By now everyone knew that something very significant had gone wrong, and as per their practice drills and with the encouragement of the system’s announcements, they all made their way to the escape shuttle, waiting to see if it told them to jettison – to fly into martian space and await pickup a few days later. Scared and yet calm, Ozzy looked around the shuttle – he could see all but one of the other children; there was an empty seat next to him where 4 year-old Stephanie should have been. His stomach clenched.

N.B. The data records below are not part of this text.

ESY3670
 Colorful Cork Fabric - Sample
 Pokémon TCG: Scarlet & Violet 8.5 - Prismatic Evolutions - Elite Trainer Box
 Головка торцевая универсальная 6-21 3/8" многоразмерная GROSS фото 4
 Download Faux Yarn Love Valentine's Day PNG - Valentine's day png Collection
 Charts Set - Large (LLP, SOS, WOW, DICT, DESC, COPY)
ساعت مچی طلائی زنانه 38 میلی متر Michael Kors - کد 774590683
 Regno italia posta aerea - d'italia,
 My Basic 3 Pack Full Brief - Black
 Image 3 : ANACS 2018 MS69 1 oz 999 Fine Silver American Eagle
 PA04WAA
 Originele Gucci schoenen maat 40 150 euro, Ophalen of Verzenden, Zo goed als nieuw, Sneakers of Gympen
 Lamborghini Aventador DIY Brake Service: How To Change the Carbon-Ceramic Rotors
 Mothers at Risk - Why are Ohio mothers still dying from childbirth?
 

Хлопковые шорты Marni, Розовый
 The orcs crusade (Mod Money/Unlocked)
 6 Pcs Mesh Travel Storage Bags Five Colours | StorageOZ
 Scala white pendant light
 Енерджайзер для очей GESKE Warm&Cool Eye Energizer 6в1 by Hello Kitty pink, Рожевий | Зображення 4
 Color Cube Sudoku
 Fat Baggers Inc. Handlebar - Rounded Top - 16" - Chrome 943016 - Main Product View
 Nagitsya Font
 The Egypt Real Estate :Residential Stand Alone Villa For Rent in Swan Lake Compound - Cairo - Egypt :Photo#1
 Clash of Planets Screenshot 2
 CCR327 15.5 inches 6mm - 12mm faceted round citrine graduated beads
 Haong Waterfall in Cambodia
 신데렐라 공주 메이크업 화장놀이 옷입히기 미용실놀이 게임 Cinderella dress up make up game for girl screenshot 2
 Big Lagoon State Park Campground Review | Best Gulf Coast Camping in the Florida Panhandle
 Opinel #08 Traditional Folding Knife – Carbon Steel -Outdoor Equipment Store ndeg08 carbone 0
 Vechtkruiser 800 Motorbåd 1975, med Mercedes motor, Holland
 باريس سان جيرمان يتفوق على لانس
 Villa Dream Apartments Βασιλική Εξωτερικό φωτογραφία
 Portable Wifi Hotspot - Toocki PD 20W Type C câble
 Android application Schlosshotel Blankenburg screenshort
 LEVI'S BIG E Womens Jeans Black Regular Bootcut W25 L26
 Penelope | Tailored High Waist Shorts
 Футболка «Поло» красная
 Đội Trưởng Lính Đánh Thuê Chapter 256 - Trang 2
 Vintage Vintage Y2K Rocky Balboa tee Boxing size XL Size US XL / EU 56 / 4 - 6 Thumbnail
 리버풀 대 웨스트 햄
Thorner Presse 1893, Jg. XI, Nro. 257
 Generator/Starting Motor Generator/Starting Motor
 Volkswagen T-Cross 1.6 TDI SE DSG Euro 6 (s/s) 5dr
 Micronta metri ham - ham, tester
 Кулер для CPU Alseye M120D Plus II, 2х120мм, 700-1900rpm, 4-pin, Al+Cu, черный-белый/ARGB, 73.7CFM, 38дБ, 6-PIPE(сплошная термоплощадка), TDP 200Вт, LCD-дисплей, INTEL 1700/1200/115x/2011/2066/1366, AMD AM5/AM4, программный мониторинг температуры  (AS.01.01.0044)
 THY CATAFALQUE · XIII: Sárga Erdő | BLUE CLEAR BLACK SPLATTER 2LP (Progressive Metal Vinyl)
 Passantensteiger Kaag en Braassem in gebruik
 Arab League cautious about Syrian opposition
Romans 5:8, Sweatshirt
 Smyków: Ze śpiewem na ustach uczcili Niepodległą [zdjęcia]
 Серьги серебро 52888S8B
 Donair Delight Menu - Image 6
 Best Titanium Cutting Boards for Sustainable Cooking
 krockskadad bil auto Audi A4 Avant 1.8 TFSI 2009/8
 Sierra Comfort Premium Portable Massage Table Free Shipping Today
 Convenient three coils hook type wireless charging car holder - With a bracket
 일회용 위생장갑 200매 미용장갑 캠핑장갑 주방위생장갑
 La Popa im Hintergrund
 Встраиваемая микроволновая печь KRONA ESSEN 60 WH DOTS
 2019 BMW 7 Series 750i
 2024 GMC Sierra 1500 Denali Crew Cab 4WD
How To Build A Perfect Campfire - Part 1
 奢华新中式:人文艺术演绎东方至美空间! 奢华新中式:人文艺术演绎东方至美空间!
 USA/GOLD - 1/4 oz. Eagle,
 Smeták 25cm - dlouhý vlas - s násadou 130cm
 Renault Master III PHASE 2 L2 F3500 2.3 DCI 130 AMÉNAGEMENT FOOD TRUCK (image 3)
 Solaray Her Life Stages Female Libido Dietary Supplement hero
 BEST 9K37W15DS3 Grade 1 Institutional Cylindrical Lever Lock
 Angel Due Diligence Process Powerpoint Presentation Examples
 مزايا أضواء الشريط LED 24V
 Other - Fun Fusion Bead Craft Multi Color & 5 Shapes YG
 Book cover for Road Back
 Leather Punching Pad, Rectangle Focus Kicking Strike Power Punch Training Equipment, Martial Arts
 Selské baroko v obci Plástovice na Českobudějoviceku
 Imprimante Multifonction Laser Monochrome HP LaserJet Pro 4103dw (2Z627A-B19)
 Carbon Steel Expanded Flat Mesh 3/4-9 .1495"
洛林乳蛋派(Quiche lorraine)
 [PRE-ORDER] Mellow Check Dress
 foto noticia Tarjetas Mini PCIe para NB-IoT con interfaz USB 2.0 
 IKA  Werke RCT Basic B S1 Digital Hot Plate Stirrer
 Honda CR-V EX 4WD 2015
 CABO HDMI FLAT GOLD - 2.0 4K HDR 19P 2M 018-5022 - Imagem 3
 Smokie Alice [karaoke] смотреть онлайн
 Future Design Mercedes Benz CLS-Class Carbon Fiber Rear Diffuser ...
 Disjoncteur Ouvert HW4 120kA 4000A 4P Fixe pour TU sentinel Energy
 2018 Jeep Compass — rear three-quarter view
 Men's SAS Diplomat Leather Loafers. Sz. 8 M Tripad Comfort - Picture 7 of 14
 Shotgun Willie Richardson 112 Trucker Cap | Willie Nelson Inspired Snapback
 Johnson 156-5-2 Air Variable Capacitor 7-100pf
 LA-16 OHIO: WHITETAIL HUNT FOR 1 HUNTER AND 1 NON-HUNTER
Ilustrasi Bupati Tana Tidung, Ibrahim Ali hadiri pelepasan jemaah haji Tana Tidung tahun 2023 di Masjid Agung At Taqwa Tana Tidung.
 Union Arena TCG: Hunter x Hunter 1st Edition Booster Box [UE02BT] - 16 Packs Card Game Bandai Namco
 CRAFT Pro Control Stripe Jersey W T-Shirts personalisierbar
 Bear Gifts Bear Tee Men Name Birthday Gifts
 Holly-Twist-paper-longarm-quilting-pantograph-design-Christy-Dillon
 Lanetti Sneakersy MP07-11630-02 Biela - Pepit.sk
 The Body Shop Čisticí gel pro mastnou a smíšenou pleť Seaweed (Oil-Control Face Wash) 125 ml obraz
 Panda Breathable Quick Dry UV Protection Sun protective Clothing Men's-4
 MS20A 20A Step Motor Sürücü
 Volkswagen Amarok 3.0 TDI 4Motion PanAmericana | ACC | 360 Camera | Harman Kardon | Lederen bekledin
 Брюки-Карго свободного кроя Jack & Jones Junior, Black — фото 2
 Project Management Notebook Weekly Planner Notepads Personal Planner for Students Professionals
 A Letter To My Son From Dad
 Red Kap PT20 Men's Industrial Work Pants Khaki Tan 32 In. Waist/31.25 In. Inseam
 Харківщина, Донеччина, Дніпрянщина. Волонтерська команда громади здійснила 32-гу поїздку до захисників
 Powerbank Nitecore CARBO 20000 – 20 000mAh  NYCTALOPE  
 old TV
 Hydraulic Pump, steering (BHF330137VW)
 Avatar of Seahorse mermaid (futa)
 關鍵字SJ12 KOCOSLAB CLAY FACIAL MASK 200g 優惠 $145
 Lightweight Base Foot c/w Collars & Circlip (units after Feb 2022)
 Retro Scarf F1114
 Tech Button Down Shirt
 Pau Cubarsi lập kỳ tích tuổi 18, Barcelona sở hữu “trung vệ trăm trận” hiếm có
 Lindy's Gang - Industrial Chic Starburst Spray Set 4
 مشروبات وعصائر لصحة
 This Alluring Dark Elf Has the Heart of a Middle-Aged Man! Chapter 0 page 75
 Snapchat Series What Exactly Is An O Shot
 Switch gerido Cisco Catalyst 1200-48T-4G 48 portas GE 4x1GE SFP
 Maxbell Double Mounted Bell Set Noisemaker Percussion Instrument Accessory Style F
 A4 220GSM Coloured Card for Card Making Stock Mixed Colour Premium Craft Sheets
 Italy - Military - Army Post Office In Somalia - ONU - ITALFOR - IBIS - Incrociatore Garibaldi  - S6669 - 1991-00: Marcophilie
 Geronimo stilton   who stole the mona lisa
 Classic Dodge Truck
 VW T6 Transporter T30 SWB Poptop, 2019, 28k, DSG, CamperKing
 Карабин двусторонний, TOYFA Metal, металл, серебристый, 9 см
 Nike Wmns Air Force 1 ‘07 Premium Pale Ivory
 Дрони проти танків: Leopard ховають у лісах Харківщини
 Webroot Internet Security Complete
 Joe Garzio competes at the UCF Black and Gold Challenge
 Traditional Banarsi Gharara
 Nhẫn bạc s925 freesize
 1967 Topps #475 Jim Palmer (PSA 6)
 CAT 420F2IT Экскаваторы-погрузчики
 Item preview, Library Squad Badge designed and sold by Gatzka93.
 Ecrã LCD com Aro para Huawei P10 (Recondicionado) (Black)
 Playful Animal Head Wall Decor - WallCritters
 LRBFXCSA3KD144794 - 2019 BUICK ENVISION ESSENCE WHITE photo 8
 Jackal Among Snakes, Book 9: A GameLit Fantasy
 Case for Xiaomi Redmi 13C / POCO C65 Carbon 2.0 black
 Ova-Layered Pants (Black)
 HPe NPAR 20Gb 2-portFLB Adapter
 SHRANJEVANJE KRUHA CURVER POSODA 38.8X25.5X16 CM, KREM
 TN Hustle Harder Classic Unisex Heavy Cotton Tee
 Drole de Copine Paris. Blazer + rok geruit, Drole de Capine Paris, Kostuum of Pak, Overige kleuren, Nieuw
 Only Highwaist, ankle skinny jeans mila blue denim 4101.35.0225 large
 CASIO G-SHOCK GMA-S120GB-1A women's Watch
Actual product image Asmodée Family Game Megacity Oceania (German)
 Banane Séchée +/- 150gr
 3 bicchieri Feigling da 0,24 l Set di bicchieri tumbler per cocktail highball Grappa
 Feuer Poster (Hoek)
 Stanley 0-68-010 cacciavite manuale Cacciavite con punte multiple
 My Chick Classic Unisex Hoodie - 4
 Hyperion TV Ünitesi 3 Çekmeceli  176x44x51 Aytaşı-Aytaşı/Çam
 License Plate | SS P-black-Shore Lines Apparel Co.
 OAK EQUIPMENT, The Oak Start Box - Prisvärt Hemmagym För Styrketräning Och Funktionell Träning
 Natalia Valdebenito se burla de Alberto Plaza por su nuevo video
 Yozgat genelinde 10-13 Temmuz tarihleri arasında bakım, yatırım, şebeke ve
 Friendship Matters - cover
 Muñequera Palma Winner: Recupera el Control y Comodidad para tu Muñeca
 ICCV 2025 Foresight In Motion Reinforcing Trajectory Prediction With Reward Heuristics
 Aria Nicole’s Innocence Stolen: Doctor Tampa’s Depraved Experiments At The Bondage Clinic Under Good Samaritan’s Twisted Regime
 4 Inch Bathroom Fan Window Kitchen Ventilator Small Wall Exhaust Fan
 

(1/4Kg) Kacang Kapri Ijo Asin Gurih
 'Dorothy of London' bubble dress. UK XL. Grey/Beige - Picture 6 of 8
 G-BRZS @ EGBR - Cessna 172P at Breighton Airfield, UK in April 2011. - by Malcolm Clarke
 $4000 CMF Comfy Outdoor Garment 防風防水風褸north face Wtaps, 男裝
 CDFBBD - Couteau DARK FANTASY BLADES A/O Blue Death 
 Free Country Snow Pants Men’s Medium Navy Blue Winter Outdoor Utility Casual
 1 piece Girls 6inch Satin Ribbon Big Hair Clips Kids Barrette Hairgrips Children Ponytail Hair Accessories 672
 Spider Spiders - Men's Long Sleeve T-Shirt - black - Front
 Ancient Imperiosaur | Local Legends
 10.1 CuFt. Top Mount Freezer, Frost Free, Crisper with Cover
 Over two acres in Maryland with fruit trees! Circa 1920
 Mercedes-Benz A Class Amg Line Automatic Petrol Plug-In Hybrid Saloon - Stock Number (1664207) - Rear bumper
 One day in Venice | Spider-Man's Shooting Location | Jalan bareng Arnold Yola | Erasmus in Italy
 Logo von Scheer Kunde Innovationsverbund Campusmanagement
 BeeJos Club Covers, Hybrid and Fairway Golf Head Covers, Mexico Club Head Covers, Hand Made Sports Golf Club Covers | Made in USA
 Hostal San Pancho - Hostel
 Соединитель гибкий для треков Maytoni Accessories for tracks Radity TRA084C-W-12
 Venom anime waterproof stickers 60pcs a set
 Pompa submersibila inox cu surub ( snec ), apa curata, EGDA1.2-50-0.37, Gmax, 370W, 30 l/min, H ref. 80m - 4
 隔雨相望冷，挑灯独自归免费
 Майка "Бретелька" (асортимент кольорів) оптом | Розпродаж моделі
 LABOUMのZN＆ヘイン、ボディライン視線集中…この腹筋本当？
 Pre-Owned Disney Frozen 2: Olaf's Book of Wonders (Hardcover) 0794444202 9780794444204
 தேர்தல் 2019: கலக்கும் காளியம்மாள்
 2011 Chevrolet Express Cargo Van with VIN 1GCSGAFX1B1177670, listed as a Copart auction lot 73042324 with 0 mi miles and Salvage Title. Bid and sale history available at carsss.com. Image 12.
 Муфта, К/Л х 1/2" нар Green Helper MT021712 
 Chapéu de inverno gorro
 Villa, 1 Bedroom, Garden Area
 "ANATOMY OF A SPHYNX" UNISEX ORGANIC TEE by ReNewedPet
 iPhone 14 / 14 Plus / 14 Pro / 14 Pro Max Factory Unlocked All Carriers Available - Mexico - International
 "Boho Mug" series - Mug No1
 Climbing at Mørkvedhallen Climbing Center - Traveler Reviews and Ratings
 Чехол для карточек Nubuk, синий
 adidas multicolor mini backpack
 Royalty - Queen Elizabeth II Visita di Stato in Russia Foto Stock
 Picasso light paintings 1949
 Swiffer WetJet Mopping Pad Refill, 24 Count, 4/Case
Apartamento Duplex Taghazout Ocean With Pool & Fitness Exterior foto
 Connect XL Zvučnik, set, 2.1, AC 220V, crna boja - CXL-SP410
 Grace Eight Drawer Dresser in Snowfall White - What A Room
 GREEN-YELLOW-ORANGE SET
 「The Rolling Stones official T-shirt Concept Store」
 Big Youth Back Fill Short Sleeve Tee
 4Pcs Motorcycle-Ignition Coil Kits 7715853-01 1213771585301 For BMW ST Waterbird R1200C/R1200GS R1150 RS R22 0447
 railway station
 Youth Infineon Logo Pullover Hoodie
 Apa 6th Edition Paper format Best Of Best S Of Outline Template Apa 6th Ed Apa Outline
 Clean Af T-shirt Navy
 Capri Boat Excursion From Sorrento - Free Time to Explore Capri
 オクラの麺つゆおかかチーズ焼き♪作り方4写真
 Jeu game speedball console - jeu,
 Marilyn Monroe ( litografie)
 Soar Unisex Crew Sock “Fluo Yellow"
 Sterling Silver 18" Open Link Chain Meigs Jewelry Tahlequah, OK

The shuttle door was starting to close when Ozzy dived through it. In the chaos nobody noticed that he was no longer on board. For a split second he regretted his decision but he was soon past it and fixed his thoughts on finding Stephanie. He looked in the school room but couldn’t find her. He checked her quarters but she wasn’t there. He made his way to the command deck and saw nothing. He turned to leave but as he did so he heard a familiar noise amid the din of the alarms; a whimper perhaps. He turned towards the noise, hoping against hope that his efforts had not been in vain, and suddenly he saw it; the pink elephant. Hidden in a corner, out of sight but thankfully not earshot, was the little girl. She was clutching her favorite soft toy and as she saw him her face brightened. “Ozzy!” she squealed and launched herself at him, causing him to smile with the significance of her hug. It was a hug he would never forget.
The next sound that they heard was enough to make their hearts sink; the unmistakable roar of the escape shuttle’s engines firing. Ozzy scooped the little girl up and headed automatically back to the shuttle airlock but of course it was too late – the rest of the colonists had left without them.
Thinking quickly Ozzy ran to the vehicle garage. He’d never driven one of these things before but he figured now was as good a time to learn as any. He’d seen his Father do it countless times – how hard could it be? He jumped into one of the crawlers near the main door, strapped Stephanie in and sat down in front of a dizzying array of dials, gauges and switches. He pressed one of the switches and lights started flashing in the garage as the air was removed from the huge space. The big door at the end slid open and the lumbering machine lurched forward. Soon they were out into the martian landscape, the devastated complex receding in the distance.
It took a few hours for Ozzy to figure out the radio and contact the escape shuttle. The little girl was happy in her seat chewing on some kind of fruity ration bar and they whiled away the time singing songs and talking about Earth. Both knew that it would be many months before the martian outpost would be serviceable again, and as the shuttle docked to the crawler and they finally made their way to safety he looked up at the dot in the sky that would be his new home, wondering how alien it might be. He would still be different when they reached earth, but now it would be for another reason – to that little girl, her parents and the colonists he was a hero.